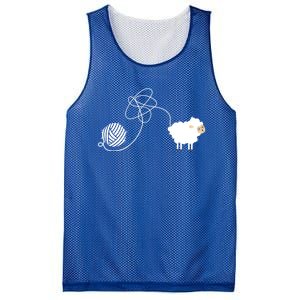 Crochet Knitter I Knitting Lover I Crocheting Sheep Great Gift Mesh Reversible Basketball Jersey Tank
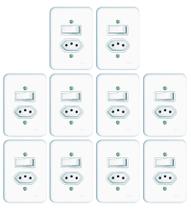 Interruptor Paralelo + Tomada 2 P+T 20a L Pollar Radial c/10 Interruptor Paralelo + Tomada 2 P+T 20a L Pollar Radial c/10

--

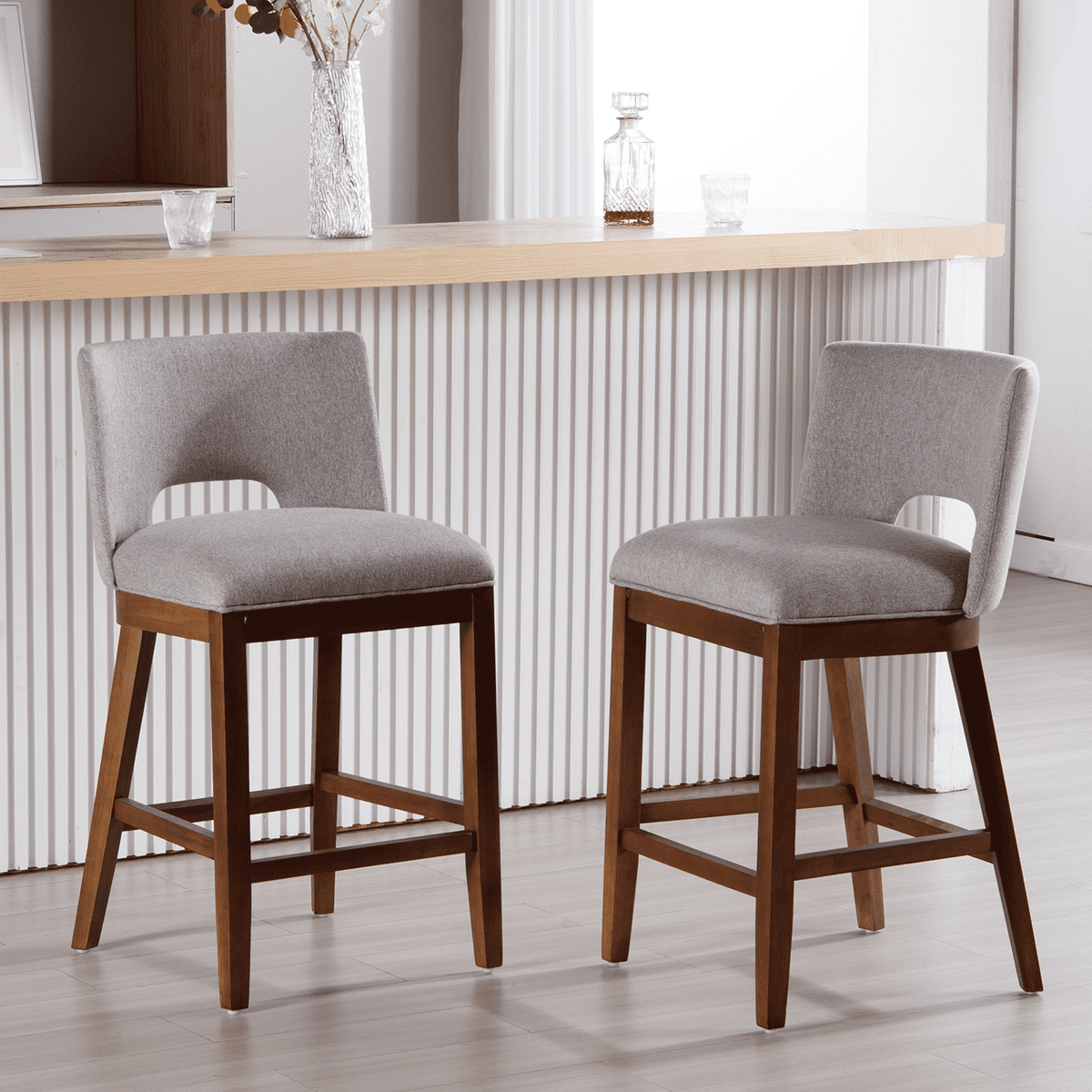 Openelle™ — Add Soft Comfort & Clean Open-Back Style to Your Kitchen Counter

EXERCISE PROMPT: Word for word, restate the lines above from the one with "Crochet Knitter I" through the one with "Radial c/10 Interruptor", keeping both ends and dropping the pictures.

WRITTEN SOLUTION:
 Crochet Knitter I Knitting Lover I Crocheting Sheep Great Gift Mesh Reversible Basketball Jersey Tank
 Interruptor Paralelo + Tomada 2 P+T 20a L Pollar Radial c/10 Interruptor Paralelo + Tomada 2 P+T 20a L Pollar Radial c/10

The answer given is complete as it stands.